*Your instructions:* Retype only what runs from the beginning of the data through the line with "LED CEILING LIGHTS lamp 7*1W oxeye"; please omit the pictures and keep every line exact.

+++ Extracted material

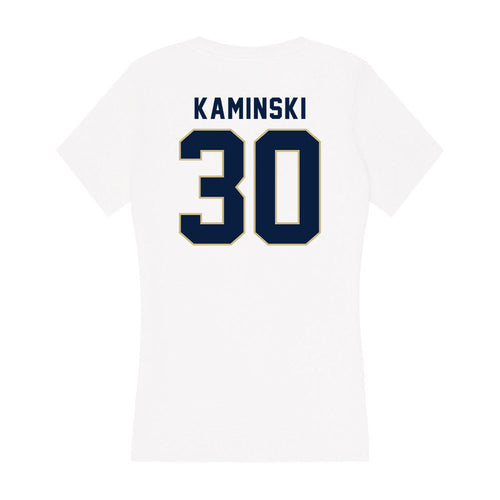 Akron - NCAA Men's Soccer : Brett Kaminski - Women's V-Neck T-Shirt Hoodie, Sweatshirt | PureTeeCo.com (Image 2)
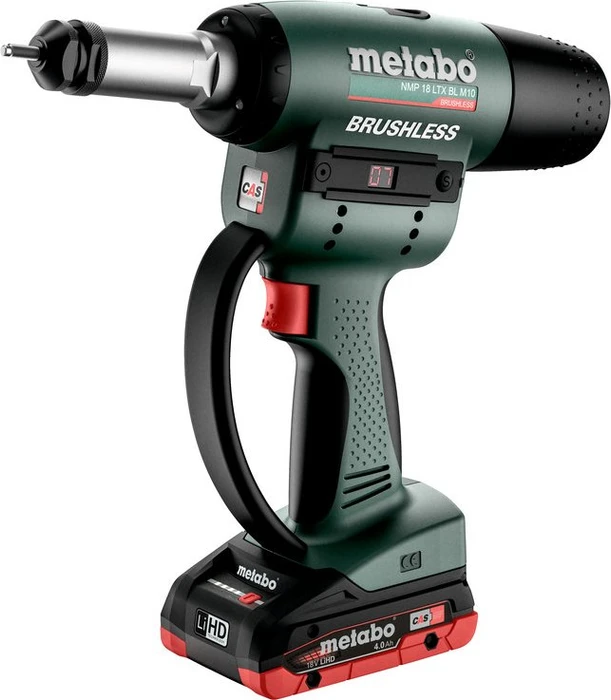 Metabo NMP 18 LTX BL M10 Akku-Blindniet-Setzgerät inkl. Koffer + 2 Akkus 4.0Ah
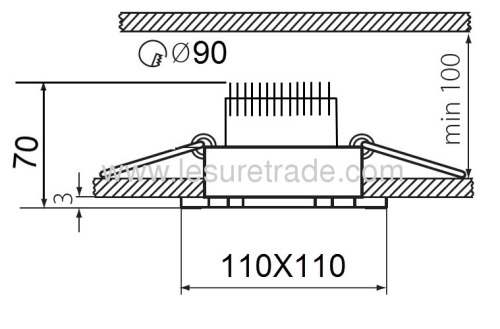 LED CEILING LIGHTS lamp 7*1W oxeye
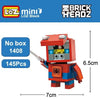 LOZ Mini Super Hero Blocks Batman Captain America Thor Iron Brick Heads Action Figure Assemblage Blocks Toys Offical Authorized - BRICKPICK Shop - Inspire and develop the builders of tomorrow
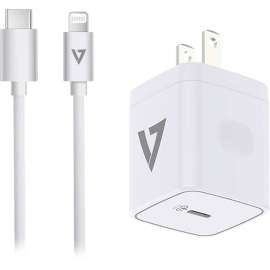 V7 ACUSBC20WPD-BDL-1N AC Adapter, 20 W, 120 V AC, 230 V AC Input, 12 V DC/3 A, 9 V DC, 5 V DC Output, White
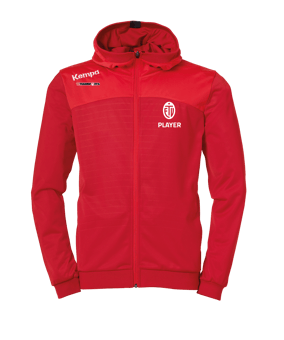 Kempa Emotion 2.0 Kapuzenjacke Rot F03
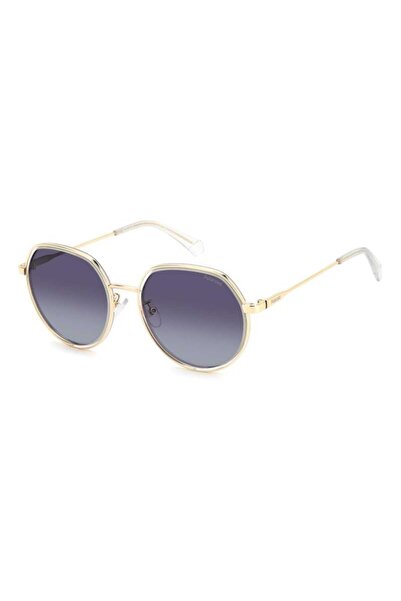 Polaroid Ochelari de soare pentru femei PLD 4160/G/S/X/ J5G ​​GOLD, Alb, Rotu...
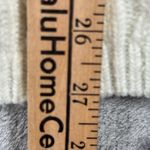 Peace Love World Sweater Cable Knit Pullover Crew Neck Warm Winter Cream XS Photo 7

++++++

*Result for this task:*
 Akron - NCAA Men's Soccer : Brett Kaminski - Women's V-Neck T-Shirt Hoodie, Sweatshirt | PureTeeCo.com (Image 2)
 Metabo NMP 18 LTX BL M10 Akku-Blindniet-Setzgerät inkl. Koffer + 2 Akkus 4.0Ah
 LED CEILING LIGHTS lamp 7*1W oxeye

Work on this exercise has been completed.